3.2 compilation and installation
Enter the source directory: / export/server/redis-3.2.8 / compile make; Installation: make PREFIX=/export/server/redis-3.2.8-bin install
3.3 modify the configuration (copy the configuration file):

 cp /export/server/redis-3.2.8/redis.conf  /export/server/redis-3.2.8-bin/

Create log file

 mkdir -p /export/server/redis-3.2.8-bin/logs

Create data file

 mkdir -p /export/server/redis-3.2.8-bin/datas

Modify configuration:
vim redis.conf
Change the bound machine address:

Background operation

Log storage location

Persistent data storage location in memory

Create a soft connection to redis-3.2.8-bin: ln -s redis-3.2.8-bin redis
Modify profile

Startup: edit the startup script in the bin directory of redis:


${REDIS_HOME}/bin/redis-server ${REDIS_HOME}/redis.conf

Add permission: CHMOD U + X / export / server / redis / bin / redis start sh

Port: 6379
Client connection: redis cli - H node1 - P 6379
shutdown closes the server. Or: kill -9 `cat /var/run/ ``

  1. Data structure and data type of redis
    Data structure: kv structure exists k as unique identifier and is fixed as string type; v: The real stored data can be string, hash, list, set, zset and bitmap. hypeloglog.
    4.1 string is used to store a single string and store the result
    pv: page views. Every time a user visits a page, pv will be increased by one
    uv: user visits. Each user is counted as one uv
    4.2 hash: map set, which is used to store the values of multiple attributes
    4.3 list: list, orderly and repeatable, can store multiple values
    4.4 set: set removes duplicate values and is unique
    It combines the features of map, top, and tre: list, which are not ordered

  2. General commands of redis:
    5.1 keys: list all keys of the current database
    5.2 del key: delete key
    5.3 exists key: determine whether the key exists
    5.4 type key: view type
    5.5 expire key 20s: the key expires after 20s
    5.6 ttl key: how long does the key expire
    5.7 select n: switch the database. By default, there are 16 databases starting from 0. The number of databases can be modified through the configuration file db0
    5.8 move key n: move a key to a database
    5.9 flushdb: clear database
    5.10 flush: clear the key s of all databases

  3. Operation on string:
    6.1 set : set s1 hadoop

    6.2 get key: get the value of the specified key
    get s1

    6.3 set the value of the given key to value and return the old value of the key
    getset key value

    6.4 set multiple string type kv: mset k1 v1 k2 v2

    6.5 get multiple value s: mget k1 k2

    6.6 build preemptive lock and use it with expire. It can only be used to add data.
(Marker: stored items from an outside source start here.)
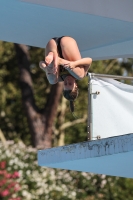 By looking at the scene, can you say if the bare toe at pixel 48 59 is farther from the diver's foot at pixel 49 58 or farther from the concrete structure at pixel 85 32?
the concrete structure at pixel 85 32

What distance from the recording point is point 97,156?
8.09m

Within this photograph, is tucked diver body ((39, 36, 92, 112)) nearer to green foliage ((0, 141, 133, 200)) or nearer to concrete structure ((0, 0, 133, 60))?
concrete structure ((0, 0, 133, 60))

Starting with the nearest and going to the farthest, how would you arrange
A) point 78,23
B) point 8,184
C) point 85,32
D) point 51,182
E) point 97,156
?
point 97,156 < point 78,23 < point 85,32 < point 8,184 < point 51,182

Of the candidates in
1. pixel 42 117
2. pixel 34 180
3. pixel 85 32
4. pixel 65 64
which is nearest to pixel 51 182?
pixel 34 180

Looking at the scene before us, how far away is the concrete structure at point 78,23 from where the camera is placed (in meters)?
9.14

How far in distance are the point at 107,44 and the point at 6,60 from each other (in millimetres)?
20524

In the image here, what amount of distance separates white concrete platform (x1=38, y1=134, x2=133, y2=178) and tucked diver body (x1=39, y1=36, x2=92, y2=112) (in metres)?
0.72

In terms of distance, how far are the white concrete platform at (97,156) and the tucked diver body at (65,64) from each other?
2.37 ft

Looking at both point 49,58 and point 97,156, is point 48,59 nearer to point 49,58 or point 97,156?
point 49,58

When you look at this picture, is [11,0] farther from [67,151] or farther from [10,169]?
[10,169]

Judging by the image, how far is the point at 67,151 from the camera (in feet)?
28.6

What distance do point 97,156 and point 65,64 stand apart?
1327mm

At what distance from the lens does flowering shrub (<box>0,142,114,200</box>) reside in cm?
1897

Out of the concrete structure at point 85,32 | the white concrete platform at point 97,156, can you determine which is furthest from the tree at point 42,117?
the white concrete platform at point 97,156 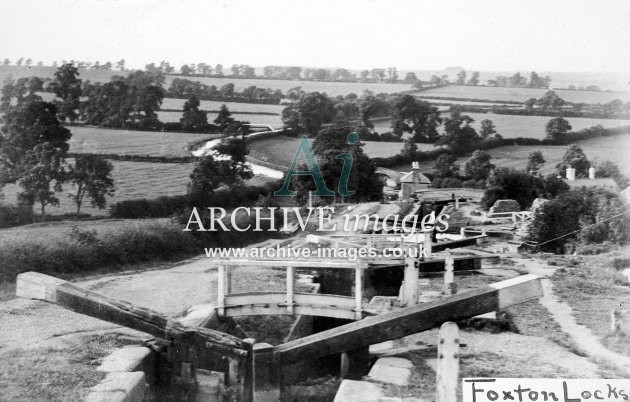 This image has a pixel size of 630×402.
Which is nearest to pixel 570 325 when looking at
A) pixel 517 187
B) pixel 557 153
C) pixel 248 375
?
pixel 517 187

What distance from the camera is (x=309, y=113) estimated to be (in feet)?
36.4

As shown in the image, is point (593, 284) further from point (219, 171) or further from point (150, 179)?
point (150, 179)

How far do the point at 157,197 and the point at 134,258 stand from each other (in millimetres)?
1216

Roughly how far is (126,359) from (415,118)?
19.9 ft

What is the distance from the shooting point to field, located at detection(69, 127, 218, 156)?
1080 centimetres

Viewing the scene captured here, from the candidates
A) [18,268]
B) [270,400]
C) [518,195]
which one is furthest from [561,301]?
[18,268]

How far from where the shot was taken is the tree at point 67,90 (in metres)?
10.0

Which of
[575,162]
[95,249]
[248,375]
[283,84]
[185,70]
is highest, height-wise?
[185,70]

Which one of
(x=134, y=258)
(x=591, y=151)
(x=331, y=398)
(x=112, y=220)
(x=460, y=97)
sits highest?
(x=460, y=97)

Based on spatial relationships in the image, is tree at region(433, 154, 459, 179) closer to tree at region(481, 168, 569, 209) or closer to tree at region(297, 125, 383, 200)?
tree at region(481, 168, 569, 209)

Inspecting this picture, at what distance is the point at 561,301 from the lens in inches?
396

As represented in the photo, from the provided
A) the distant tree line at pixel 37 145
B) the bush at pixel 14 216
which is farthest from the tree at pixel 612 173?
the bush at pixel 14 216

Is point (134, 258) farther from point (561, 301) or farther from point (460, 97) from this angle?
point (561, 301)

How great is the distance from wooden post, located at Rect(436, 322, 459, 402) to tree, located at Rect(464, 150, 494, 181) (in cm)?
591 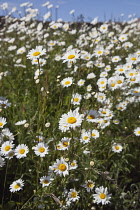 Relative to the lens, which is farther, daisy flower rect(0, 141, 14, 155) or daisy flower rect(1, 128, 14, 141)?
daisy flower rect(1, 128, 14, 141)

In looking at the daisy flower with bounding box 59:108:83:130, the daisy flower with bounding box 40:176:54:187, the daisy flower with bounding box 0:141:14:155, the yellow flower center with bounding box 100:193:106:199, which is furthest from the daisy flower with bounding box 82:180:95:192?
the daisy flower with bounding box 0:141:14:155

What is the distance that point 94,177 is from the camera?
2277 mm

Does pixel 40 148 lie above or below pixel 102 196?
above

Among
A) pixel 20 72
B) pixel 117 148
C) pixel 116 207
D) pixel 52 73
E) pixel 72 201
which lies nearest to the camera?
pixel 72 201

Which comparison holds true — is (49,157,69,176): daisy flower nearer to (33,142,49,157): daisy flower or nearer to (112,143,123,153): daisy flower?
(33,142,49,157): daisy flower

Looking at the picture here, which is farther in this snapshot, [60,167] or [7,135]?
[7,135]

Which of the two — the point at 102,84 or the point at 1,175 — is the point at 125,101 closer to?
the point at 102,84

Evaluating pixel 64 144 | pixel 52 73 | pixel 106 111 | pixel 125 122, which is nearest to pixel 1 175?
pixel 64 144

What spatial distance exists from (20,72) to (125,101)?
243cm

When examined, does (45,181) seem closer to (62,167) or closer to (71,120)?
(62,167)

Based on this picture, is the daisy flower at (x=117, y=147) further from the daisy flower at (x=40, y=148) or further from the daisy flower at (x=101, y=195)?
the daisy flower at (x=40, y=148)

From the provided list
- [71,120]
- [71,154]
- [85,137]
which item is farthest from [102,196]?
[71,120]

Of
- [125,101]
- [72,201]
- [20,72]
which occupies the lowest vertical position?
[72,201]

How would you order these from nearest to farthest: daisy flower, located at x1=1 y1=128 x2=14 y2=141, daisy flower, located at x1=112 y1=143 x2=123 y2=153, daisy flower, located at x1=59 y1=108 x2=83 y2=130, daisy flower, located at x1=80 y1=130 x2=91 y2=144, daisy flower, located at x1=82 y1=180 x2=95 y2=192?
daisy flower, located at x1=59 y1=108 x2=83 y2=130, daisy flower, located at x1=82 y1=180 x2=95 y2=192, daisy flower, located at x1=1 y1=128 x2=14 y2=141, daisy flower, located at x1=80 y1=130 x2=91 y2=144, daisy flower, located at x1=112 y1=143 x2=123 y2=153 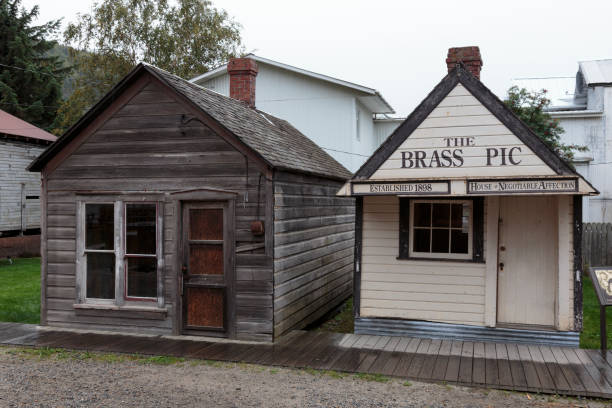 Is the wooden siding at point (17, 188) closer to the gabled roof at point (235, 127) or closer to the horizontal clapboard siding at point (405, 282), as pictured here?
the gabled roof at point (235, 127)

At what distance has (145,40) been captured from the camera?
29.5 meters

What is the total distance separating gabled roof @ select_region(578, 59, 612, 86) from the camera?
867 inches

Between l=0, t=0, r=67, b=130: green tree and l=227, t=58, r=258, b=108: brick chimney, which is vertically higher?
l=0, t=0, r=67, b=130: green tree

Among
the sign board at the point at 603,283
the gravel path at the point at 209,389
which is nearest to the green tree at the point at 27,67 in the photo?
the gravel path at the point at 209,389

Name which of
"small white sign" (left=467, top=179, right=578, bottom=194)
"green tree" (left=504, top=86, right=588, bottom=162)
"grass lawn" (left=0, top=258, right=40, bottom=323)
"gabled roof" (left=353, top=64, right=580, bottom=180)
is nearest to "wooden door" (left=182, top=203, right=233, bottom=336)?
"gabled roof" (left=353, top=64, right=580, bottom=180)

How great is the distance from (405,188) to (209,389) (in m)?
3.89

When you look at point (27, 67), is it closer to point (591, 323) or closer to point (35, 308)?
point (35, 308)

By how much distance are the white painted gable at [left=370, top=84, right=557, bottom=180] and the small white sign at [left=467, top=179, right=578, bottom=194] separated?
1.53 ft

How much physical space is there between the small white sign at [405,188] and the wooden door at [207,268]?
218 centimetres

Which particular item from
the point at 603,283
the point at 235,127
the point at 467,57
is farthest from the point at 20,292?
the point at 603,283

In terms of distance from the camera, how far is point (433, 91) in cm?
861

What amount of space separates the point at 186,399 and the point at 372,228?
13.5 ft

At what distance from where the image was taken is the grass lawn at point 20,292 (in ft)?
37.4

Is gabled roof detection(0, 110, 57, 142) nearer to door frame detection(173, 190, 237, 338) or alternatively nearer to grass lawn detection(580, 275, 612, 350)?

When k does not exist, add setnx k v

    6.7 incr: used to increment the string of numeric type by 1, generally used for counter incr k

    6.8 specify a fixed step for the growth of numeric strings: incrby k n

    6.9 decrement of numerical data by 1: decr k

    6.10 decrby: decrease by K n according to the specified step size

    6.11 strlen: counts the length of the string strlen k

    Getrange: used to intercept string 12.6

  4. hash type
    7.1 hset: used to add an attribute hset k V for a key

    7.2hmset: assign value to a k in batch:
    hmset K k1 v1 k2 v2 ......

    7.2 hget: used to get a property value of a k

    7.3hmget: get the values of multiple attributes of a k in batch
    hmget k k1 k2 k3 k4

    7.4hgetall: get the value of all attributes hgetall k

    7.5hdel: delete an attribute
    hdel k k1 k2 k3

    7.6 hlen: count the total number of attributes of value corresponding to k
    hlen k

    7.7 hexists: judge whether the k contains this attribute
    hexists k k

    7.8 hvals: get the value of all attributes

    7.9 hkeys: get all attributes

  5. Common commands of type list
    8.1 lpush: put each element to the left of the set and put it in the left order
    lpush k e1 e2
    8.2 rpush: put each element on the right side of the set and put it in the right order
    rpush k e1 e2
    8.3lrange: obtain the data of elements through the range of subscripts
    lrange k start end from 0 or - 1
    8.4llen: length of statistical set
    llen k
    8.5 lpop: delete an element on the left
    lpop k
    8.6 rpop: delete an element on the right
    rpop k

  6. Common commands of type set
    9.1 sadd: used to add elements to the set

    9.2 smembers: used to view all members of the set

    9.3 sismember: judge whether this element is included

    9.4 srem: delete one of the elements

    9.5 scar: Statistics set length

    9.6 sunion: take the union of two sets
    sunion k1 k2
    9.7 sinter: take the intersection of two sets
    sinter k1 k2

  7. Common commands of Zset type
    10.1 zadd: add element to zset set
    10.2 zrevrange: reverse order query
    10.3 zrem: remove an element
    10.4 zcard: length of statistical set
    10.5 zscore: get score

node1:6379> zadd zset1 10000 hadoop 2000 hive 5999 spark 3000 flink
(integer) 4
node1:6379> zrange zset1 0 -1
1) "hive"
2) "flink"
3) "spark"
4) "hadoop"
node1:6379> zrange zset1 0 -1 withscores
1) "hive"
2) "2000"
3) "flink"
4) "3000"
5) "spark"
6) "5999"
7) "hadoop"
8) "10000"
node1:6379> zrange zset1 0 2 withscores
1) "hive"
2) "2000"
3) "flink"
4) "3000"
5) "spark"
6) "5999"
node1:6379> zrevrange zset1 0 -1
1) "hadoop"
2) "spark"
3) "flink"
4) "hive"
node1:6379> zrevrange zset1 0 2
1) "hadoop"
2) "spark"
3) "flink"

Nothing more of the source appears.